:: Problem to solve ::
Retype every record that follows, character for character.

:: Dataset excerpts ::
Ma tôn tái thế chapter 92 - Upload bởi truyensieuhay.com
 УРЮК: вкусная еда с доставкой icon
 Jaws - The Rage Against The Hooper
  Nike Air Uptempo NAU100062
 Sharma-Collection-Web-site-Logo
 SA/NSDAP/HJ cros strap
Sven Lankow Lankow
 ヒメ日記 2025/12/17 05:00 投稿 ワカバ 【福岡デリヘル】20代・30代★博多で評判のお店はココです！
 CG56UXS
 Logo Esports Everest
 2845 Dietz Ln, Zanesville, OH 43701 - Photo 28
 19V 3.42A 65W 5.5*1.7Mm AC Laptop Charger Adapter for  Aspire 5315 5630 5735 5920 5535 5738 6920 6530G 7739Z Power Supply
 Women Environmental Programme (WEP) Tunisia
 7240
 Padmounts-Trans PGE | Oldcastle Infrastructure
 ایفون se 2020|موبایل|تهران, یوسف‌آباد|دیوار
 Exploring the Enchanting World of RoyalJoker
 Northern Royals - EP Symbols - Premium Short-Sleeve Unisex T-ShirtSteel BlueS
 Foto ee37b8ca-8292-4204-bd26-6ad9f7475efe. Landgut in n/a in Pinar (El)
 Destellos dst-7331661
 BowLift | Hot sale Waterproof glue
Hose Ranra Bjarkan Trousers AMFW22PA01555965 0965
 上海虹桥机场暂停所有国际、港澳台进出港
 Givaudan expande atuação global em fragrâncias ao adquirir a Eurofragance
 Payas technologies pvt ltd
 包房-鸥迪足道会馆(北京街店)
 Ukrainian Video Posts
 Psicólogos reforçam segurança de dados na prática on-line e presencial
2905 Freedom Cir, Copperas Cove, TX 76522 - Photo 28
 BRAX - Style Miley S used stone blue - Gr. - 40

:: Your solution ::
Ma tôn tái thế chapter 92 - Upload bởi truyensieuhay.com
 УРЮК: вкусная еда с доставкой icon
 Jaws - The Rage Against The Hooper
  Nike Air Uptempo NAU100062
 Sharma-Collection-Web-site-Logo
 SA/NSDAP/HJ cros strap
Sven Lankow Lankow
 ヒメ日記 2025/12/17 05:00 投稿 ワカバ 【福岡デリヘル】20代・30代★博多で評判のお店はココです！
 CG56UXS
 Logo Esports Everest
 2845 Dietz Ln, Zanesville, OH 43701 - Photo 28
 19V 3.42A 65W 5.5*1.7Mm AC Laptop Charger Adapter for  Aspire 5315 5630 5735 5920 5535 5738 6920 6530G 7739Z Power Supply
 Women Environmental Programme (WEP) Tunisia
 7240
 Padmounts-Trans PGE | Oldcastle Infrastructure
 ایفون se 2020|موبایل|تهران, یوسف‌آباد|دیوار
 Exploring the Enchanting World of RoyalJoker
 Northern Royals - EP Symbols - Premium Short-Sleeve Unisex T-ShirtSteel BlueS
 Foto ee37b8ca-8292-4204-bd26-6ad9f7475efe. Landgut in n/a in Pinar (El)
 Destellos dst-7331661
 BowLift | Hot sale Waterproof glue
Hose Ranra Bjarkan Trousers AMFW22PA01555965 0965
 上海虹桥机场暂停所有国际、港澳台进出港
 Givaudan expande atuação global em fragrâncias ao adquirir a Eurofragance
 Payas technologies pvt ltd
 包房-鸥迪足道会馆(北京街店)
 Ukrainian Video Posts
 Psicólogos reforçam segurança de dados na prática on-line e presencial
2905 Freedom Cir, Copperas Cove, TX 76522 - Photo 28
 BRAX - Style Miley S used stone blue - Gr. - 40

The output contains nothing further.